TASK DESCRIPTION -
What needs reproducing is the run of lines in the data below starting at the line with "32 Gables Dr, Hicksville, NY" and ending at the line with "for seven minutes", both ends included. Copy it exactly, without pictures, and add nothing.

THE DATA -
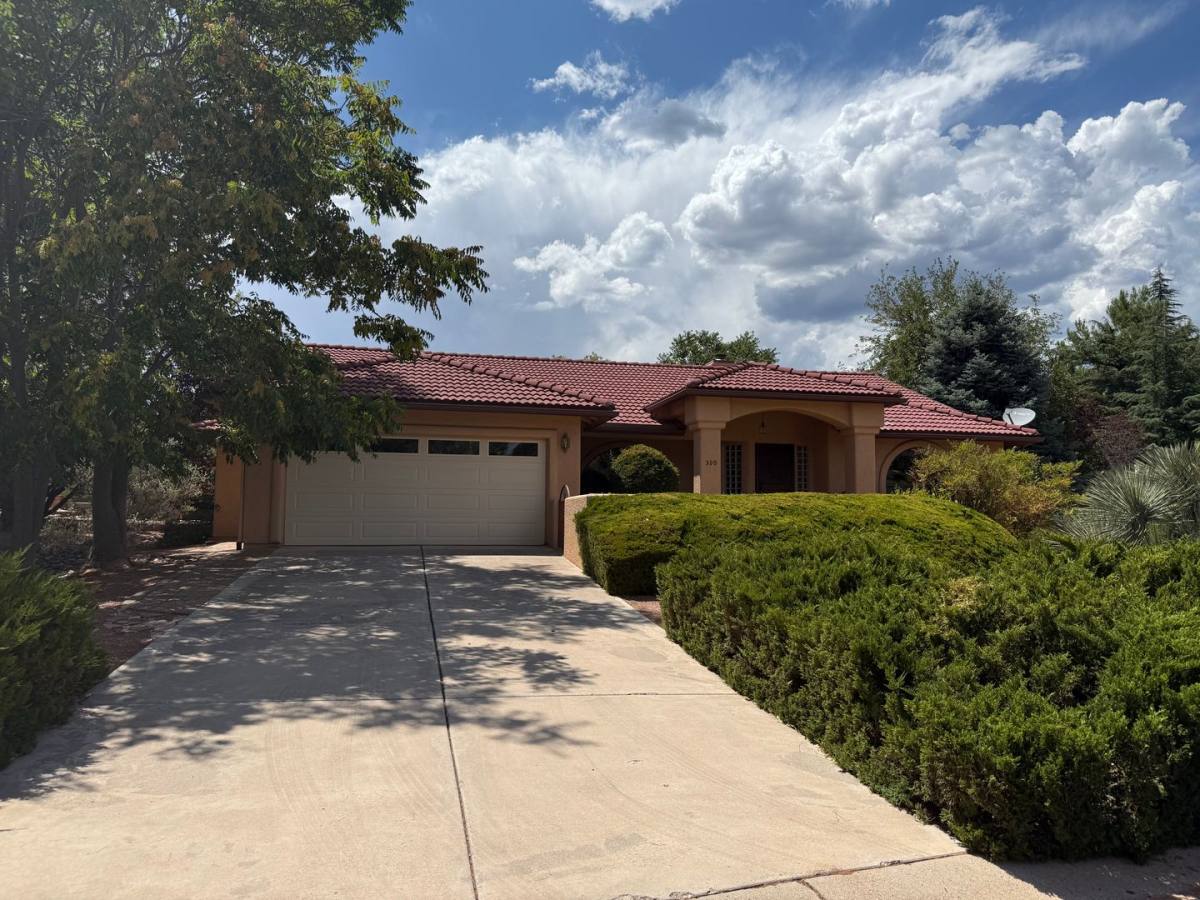 House for rent at 390 Orchard Lane, Sedona, AZ 86336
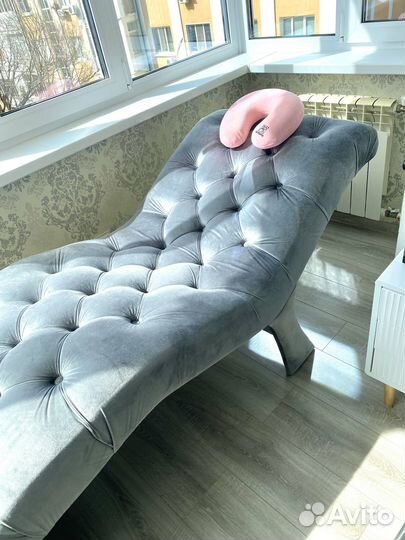 Анатомическая кушетка для наращивания ресниц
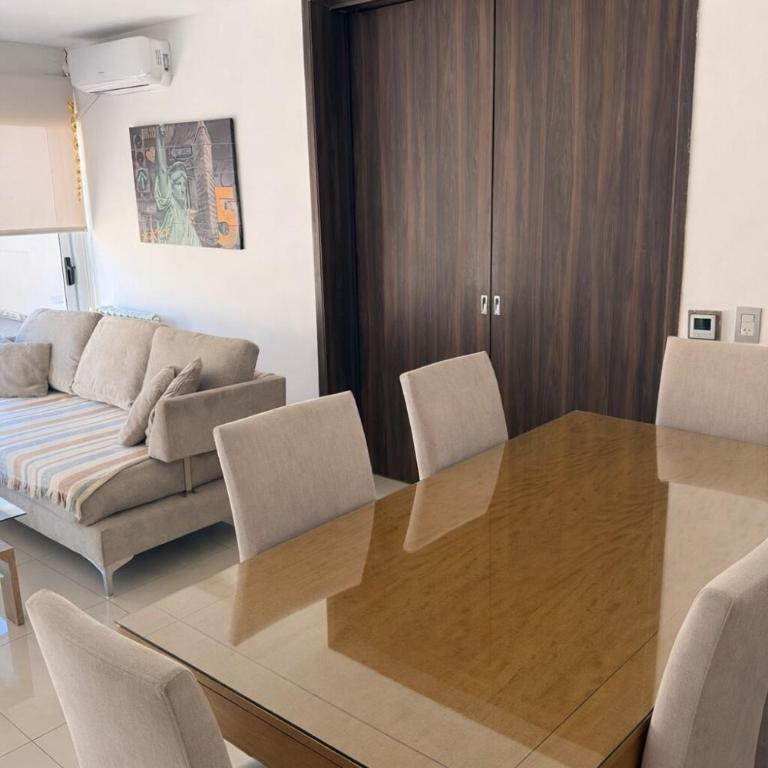 Modern,balcony,pool in front of RioIv terminal - Apartamento de 1 dormitorio - 40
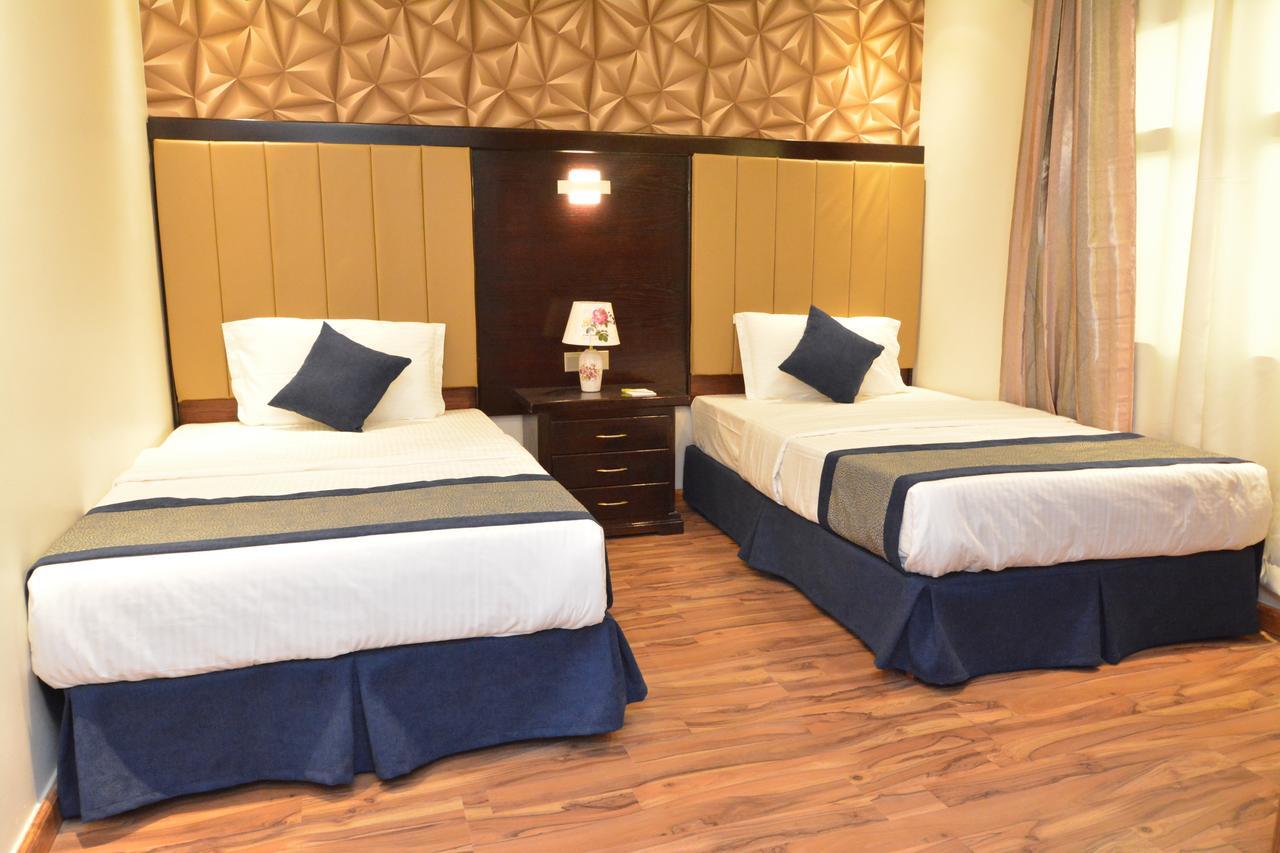 Grandeur East Aparthotel Khobar Bagian luar foto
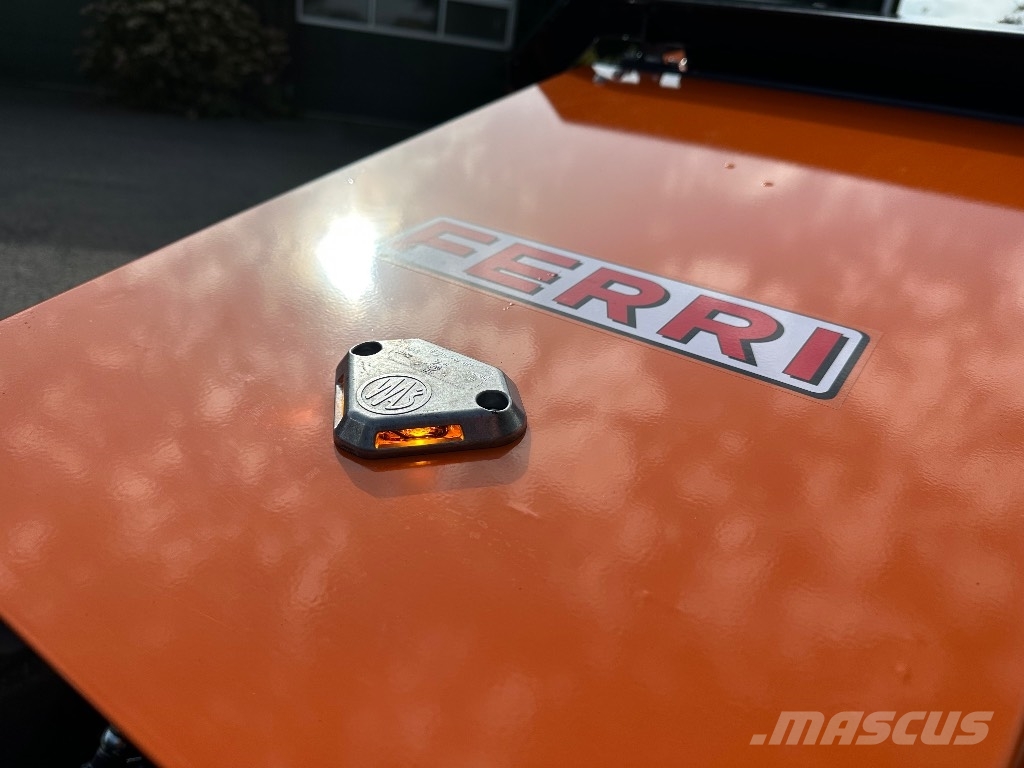 Ferri DEMO iCut 3.60 radiografische klepelmaaier talud ユーティリティーツールキャリア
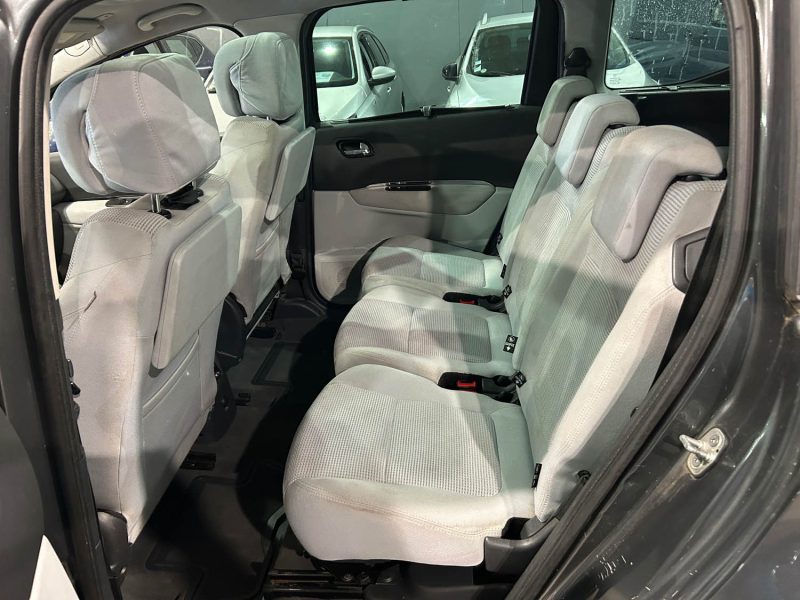 PEUGEOT 5008 2.0 HDI 150CH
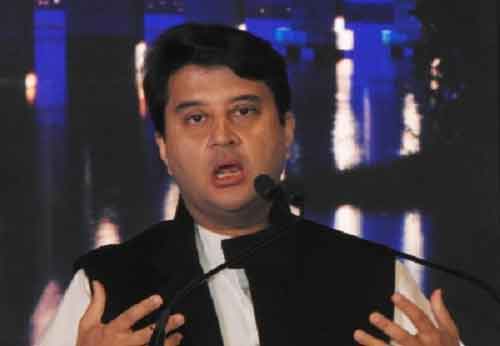 Jyotiraditya Scindia in MP’s Guna to meet farmers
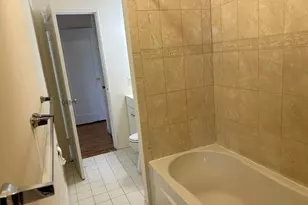 32 Gables Dr, Hicksville, NY 11801 - Photo 15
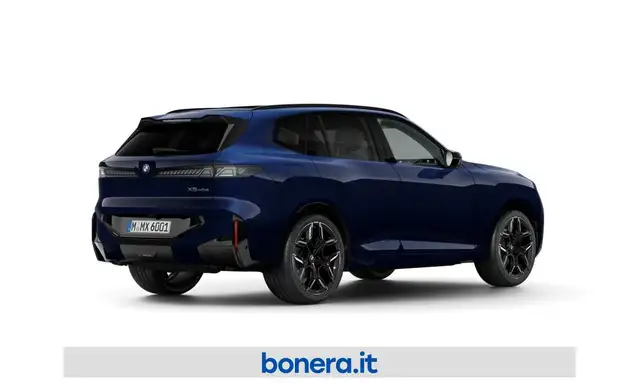 BMW X5 view 2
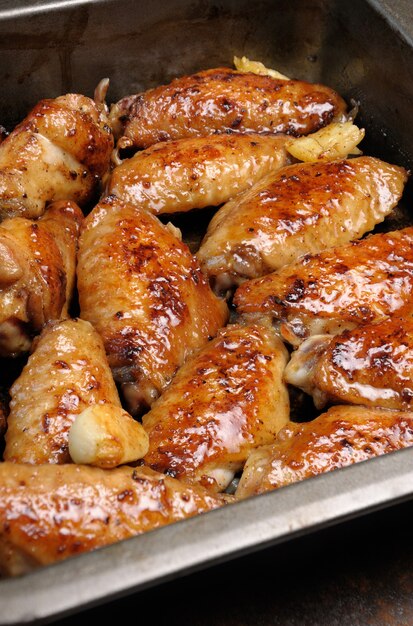 Foto asas de frango frito bem picante em um close up assado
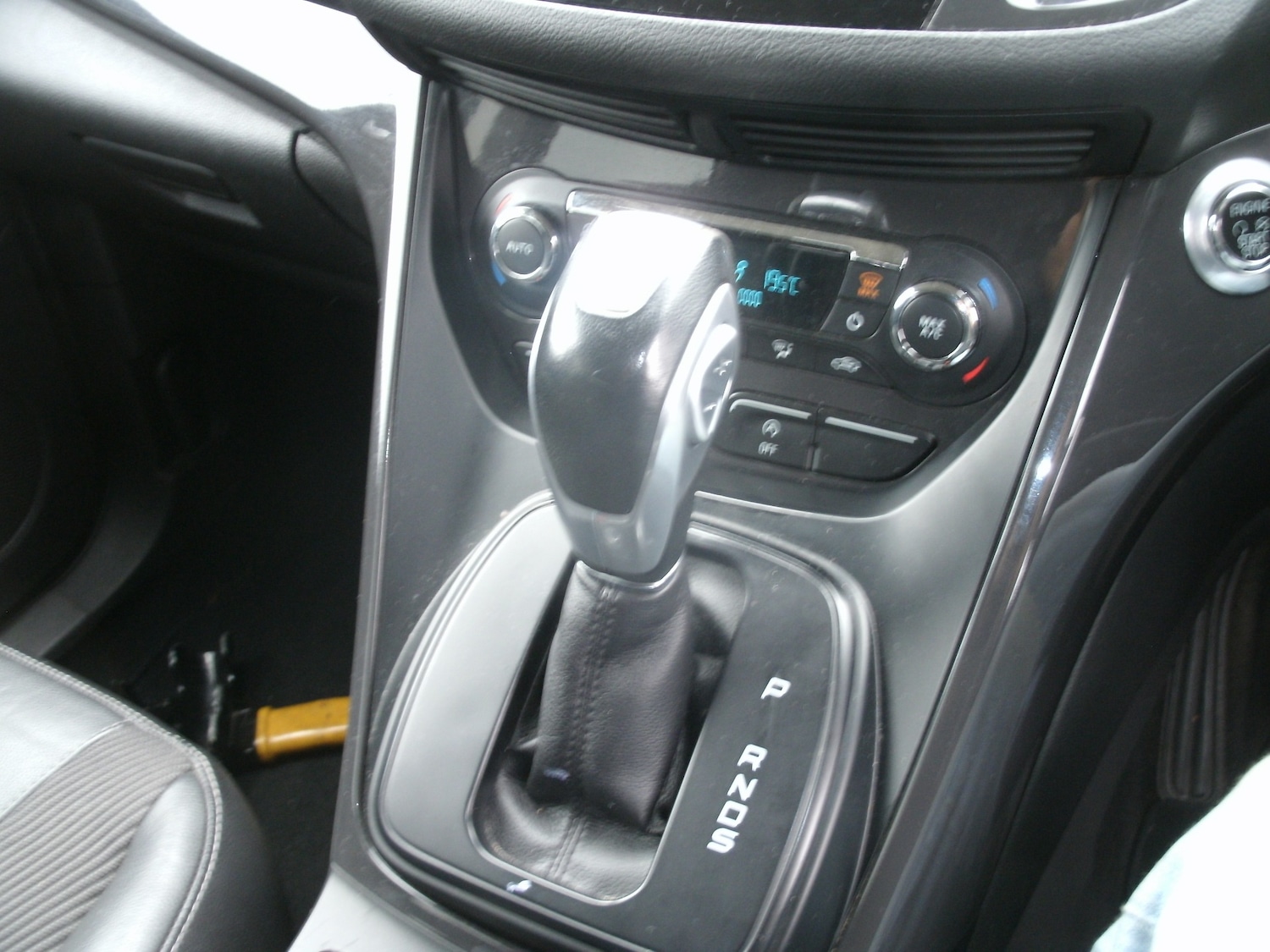 Used Ford Kuga 2015 for sale - 76253651: Photo 10
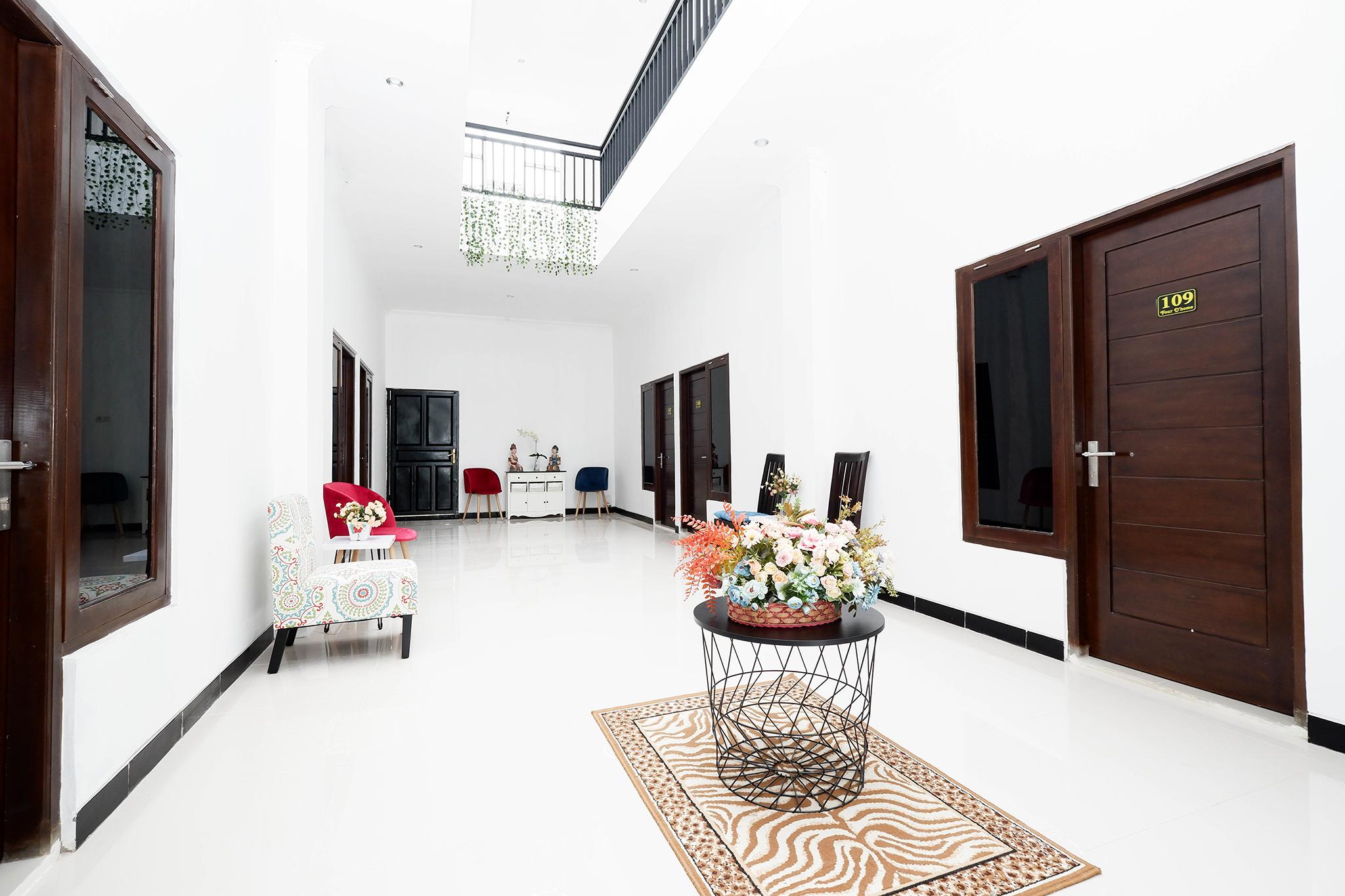 Oyo 1611 Four D'Home Solo Εξωτερικό φωτογραφία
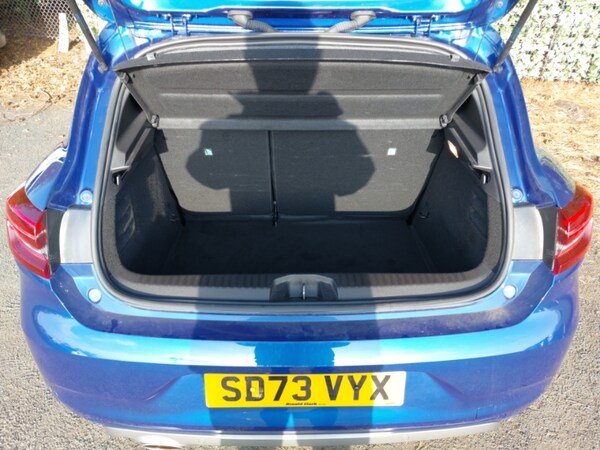 Used Renault Clio 2023 for sale - 76289455: Photo 8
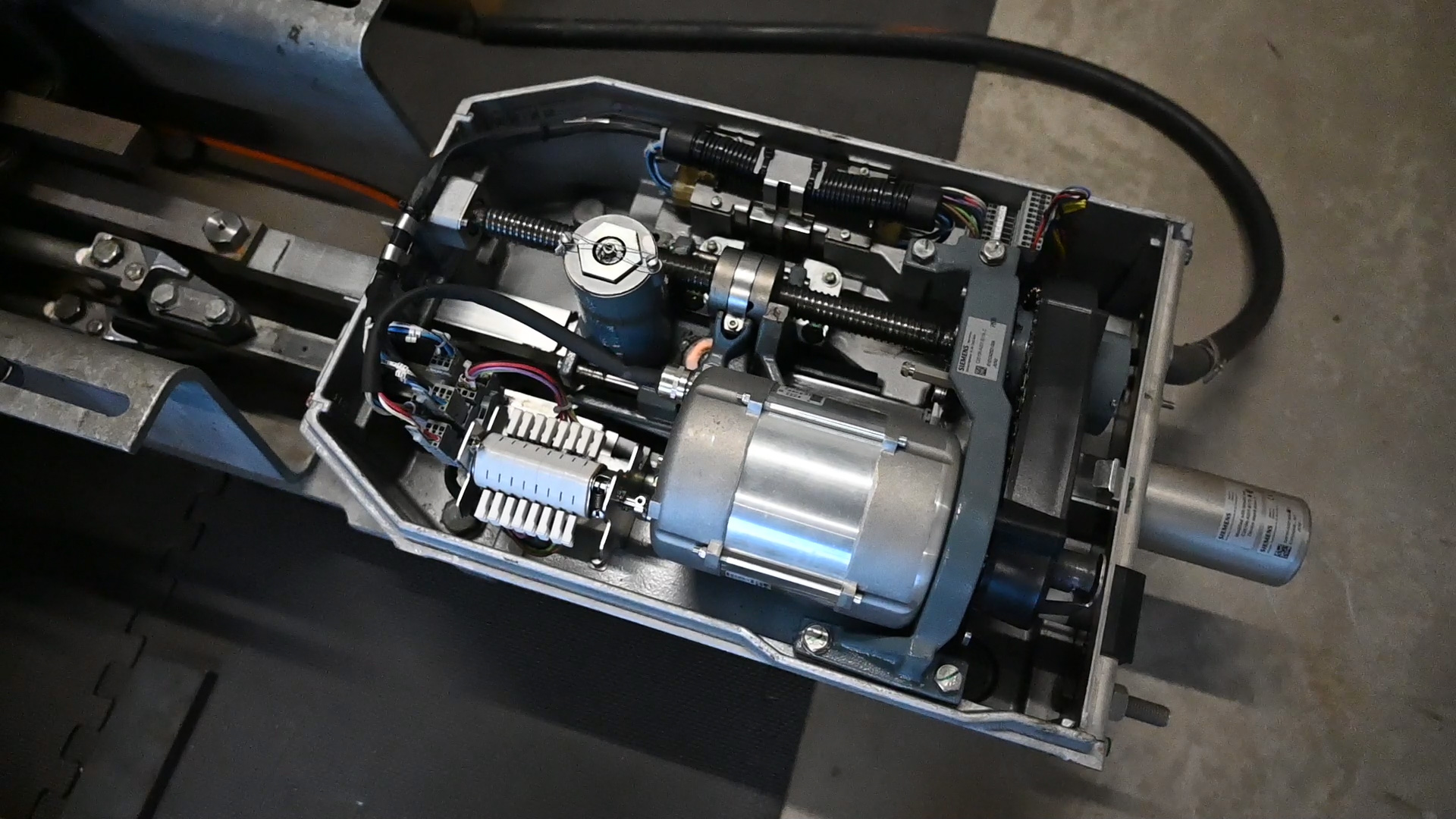 DSC_2304 Innmaten i en sporveksler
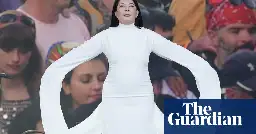 ‘Give unconditional love to each other’: artist Marina Abramović silences Glastonbury for seven minutes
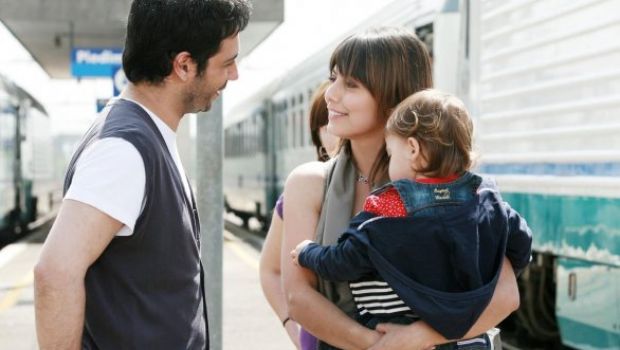 Da stasera I Cesaroni 4 su Canale 5. Con Claudio Amendola le new entry Barbara Tabita e Marta Zoffoli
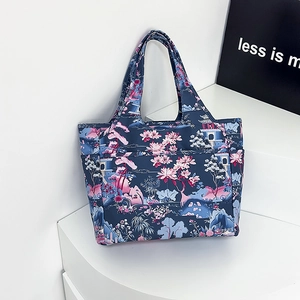 Dettaglio della borsa tote Oxford impermeabile con stampa floreale e tasca laterale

RESPONSE FOR THIS EXERCISE -
 32 Gables Dr, Hicksville, NY 11801 - Photo 15
 BMW X5 view 2
 Foto asas de frango frito bem picante em um close up assado
 Used Ford Kuga 2015 for sale - 76253651: Photo 10
 Oyo 1611 Four D'Home Solo Εξωτερικό φωτογραφία
 Used Renault Clio 2023 for sale - 76289455: Photo 8
 DSC_2304 Innmaten i en sporveksler
 ‘Give unconditional love to each other’: artist Marina Abramović silences Glastonbury for seven minutes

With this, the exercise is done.